SUPPLIED DATA Block Start

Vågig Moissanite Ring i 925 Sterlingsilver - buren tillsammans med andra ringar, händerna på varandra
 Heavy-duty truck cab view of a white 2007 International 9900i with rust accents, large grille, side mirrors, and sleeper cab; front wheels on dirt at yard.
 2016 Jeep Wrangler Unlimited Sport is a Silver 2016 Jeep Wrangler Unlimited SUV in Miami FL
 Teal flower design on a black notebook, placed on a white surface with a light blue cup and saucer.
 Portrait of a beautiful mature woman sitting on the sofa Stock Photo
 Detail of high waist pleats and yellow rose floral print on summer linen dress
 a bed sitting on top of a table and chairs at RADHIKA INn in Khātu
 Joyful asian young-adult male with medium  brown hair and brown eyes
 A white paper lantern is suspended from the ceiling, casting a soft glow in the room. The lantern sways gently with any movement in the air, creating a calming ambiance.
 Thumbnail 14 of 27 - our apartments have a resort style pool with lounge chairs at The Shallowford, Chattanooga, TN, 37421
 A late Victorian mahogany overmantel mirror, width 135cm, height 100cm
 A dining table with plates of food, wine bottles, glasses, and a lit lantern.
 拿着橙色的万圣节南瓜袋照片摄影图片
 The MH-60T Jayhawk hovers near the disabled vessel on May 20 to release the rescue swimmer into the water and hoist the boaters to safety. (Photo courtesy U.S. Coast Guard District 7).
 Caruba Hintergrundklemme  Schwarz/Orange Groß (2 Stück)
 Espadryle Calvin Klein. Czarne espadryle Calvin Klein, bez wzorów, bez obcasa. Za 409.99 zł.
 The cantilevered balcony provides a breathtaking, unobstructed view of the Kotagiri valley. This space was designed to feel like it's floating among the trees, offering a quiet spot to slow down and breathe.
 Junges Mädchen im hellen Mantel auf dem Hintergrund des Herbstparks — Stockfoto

SUPPLIED DATA Block End

### TASK DIRECTIONS
All lines of the listing holding the string "Photo" must be returned, copied as they stand.

### TASK RESULT
 Portrait of a beautiful mature woman sitting on the sofa Stock Photo
 The MH-60T Jayhawk hovers near the disabled vessel on May 20 to release the rescue swimmer into the water and hoist the boaters to safety. (Photo courtesy U.S. Coast Guard District 7).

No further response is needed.